ALÈNE (Sainte), HALÈNE ou HÉLÈNE, née à Dilbeek, morte à Forêt (Vorst ou ter Vorst), vers 640. Au milieu du viie siècle, le Brabant était encore plongé en grande partie dans les ténèbres du paganisme. Bruxelles n’était alors qu’un petit hameau, confiné dans un îlot de la Senne, et dans ses environs s’étendaient déjà les villages de Forêt et de Dilbeek. Ce dernier, entièrement païen, dépendait d’un seigneur nommé Lévold. Ce fut vers cette époque que saint Amand, prêchant l’Évangile, vint s’arrêter quelque temps à Forêt.

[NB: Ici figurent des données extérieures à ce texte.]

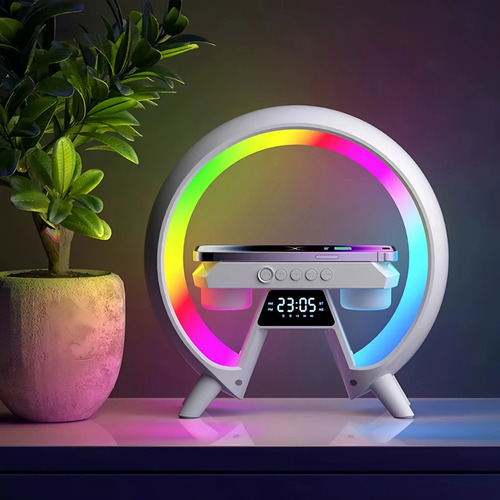 Lámparas De Mesa Con Altavoz Bt Y Carga Inalámbrica Y Alarma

Une vieille légende rapporte que Lévold, chassant un jour dans les bois, arriva par hasard à Forêt, et assista, par curiosité, à une instruction de saint Amand. De retour chez lui, il raconta, en raillant, à sa famille, la nouvelle doctrine qu’il avait entendue et les cérémonies chrétiennes dont il avait été témoin. Tout le monde en rit, excepté sa jeune fille, nommé Alène, qui entrevit dans les paroles de son père un premier rayon de lumière et les germes d’une morale inconnue qui plaisaient à la pureté de son cœur. Résolue de connaître toute la vérité et de voir l’homme extraordinaire dont son père avait parlé, elle alla trouver saint Amand, qui prêchait dans le voisinage. Le saint la reçut avec bonté, l’instruisit dans la foi et lui donna, après quelque temps, le baptême. Il existait déjà à cette époque, à Forêt, une église chrétienne, Alène s’y rendait parfois ; mais elle ne put le faire longtemps sans éveiller les soupçons de son père, qui la fit surveiller par ses serviteurs. Un jour qu’elle revenait de Forêt, ils la surprirent dans le bois, et, persuadés qu’elle sortait de l’église chrétienne, ils l’accablèrent de tant de mauvais traitements, qu’elle expira entre leurs mains. La mort de la jeune fille ouvrit les yeux du père ; il alla trouver saint Amand, pleura longtemps sa fille et, transformé

  1. ERRATA ET RECTIFICATIONS DU Ier VOLUME : au lieu de : 16 janvier, lisez : 17 janvier.